Your instructions: From the material below, reproduce exactly the stretch of lines that begins with the line holding "Neur/o nerve, nerves, nervous system" and ends with the line holding "Дверь для бани", skipping the pictures.

Supplied information:

▽

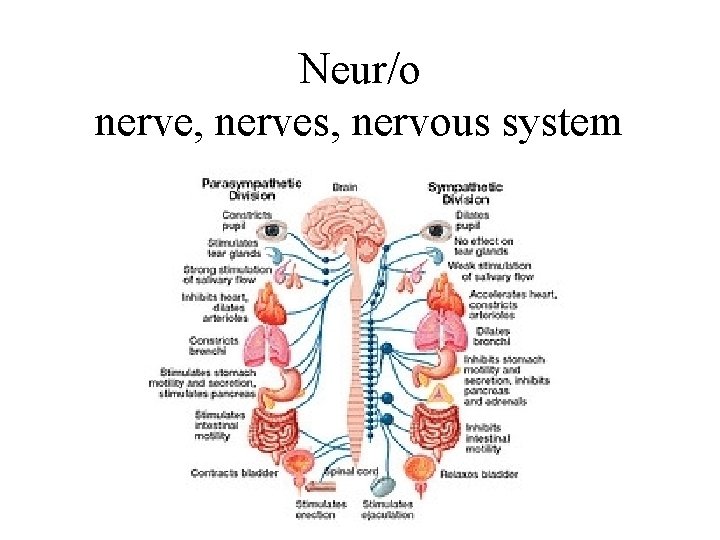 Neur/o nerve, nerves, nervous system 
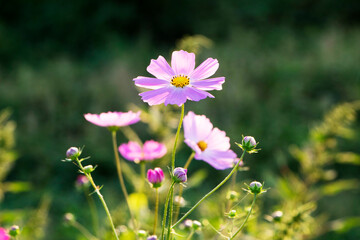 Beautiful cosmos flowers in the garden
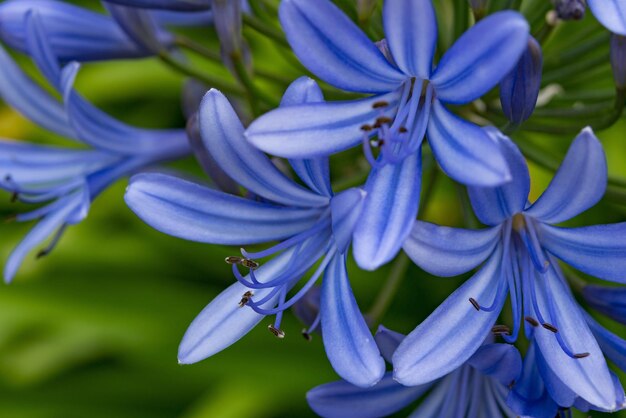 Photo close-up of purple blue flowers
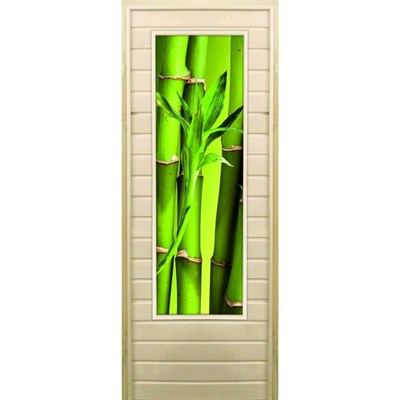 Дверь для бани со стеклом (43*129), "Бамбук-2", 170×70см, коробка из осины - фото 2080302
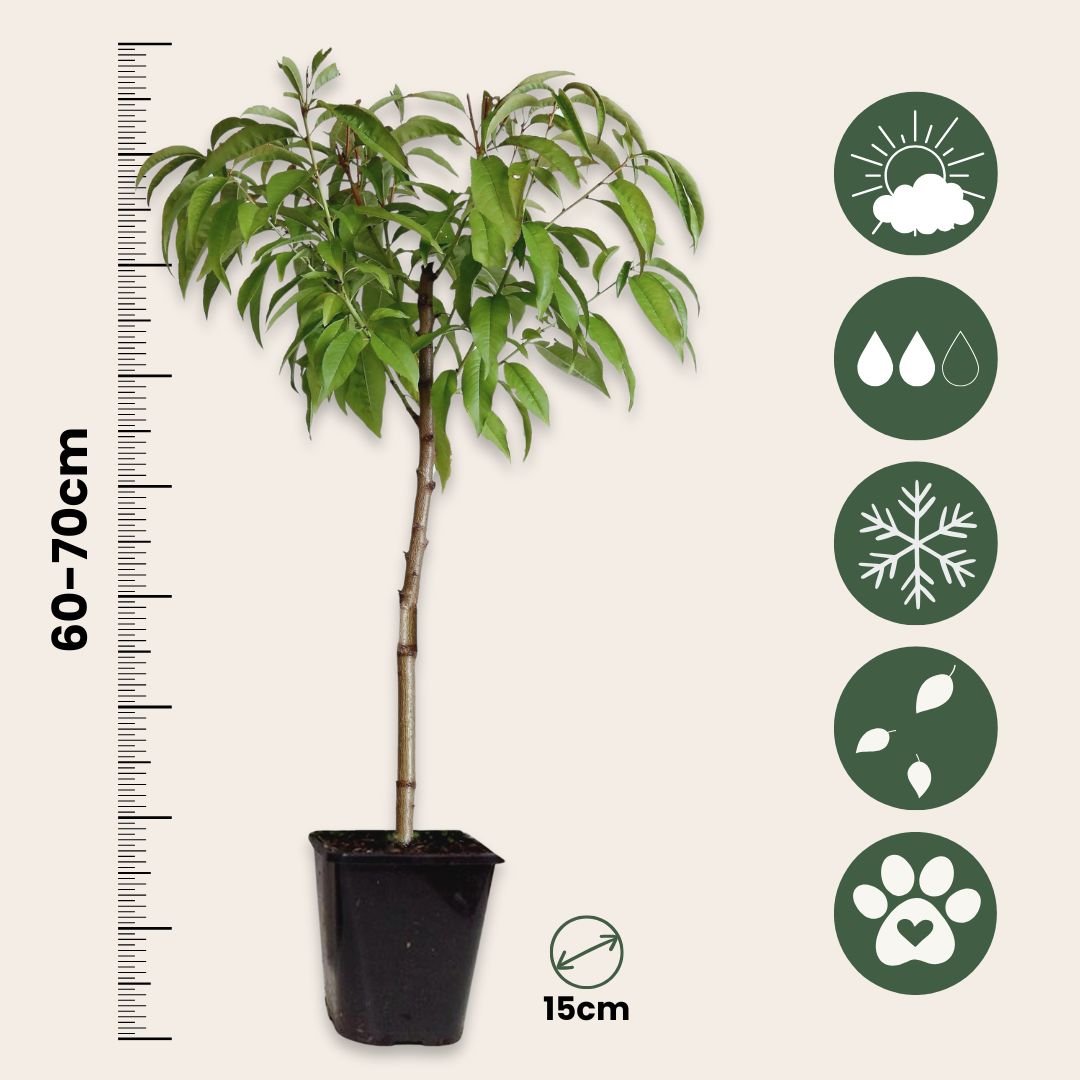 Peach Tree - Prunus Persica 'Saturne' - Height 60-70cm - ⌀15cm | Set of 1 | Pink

△
▽

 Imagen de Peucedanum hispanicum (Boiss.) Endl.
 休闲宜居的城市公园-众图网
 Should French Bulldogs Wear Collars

△
▽

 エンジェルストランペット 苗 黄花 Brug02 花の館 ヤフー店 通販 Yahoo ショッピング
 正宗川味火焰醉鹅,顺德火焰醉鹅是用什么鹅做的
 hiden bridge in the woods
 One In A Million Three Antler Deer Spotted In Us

△

Solved problem:
 Neur/o nerve, nerves, nervous system 
 Beautiful cosmos flowers in the garden
 Photo close-up of purple blue flowers
 Дверь для бани со стеклом (43*129), "Бамбук-2", 170×70см, коробка из осины - фото 2080302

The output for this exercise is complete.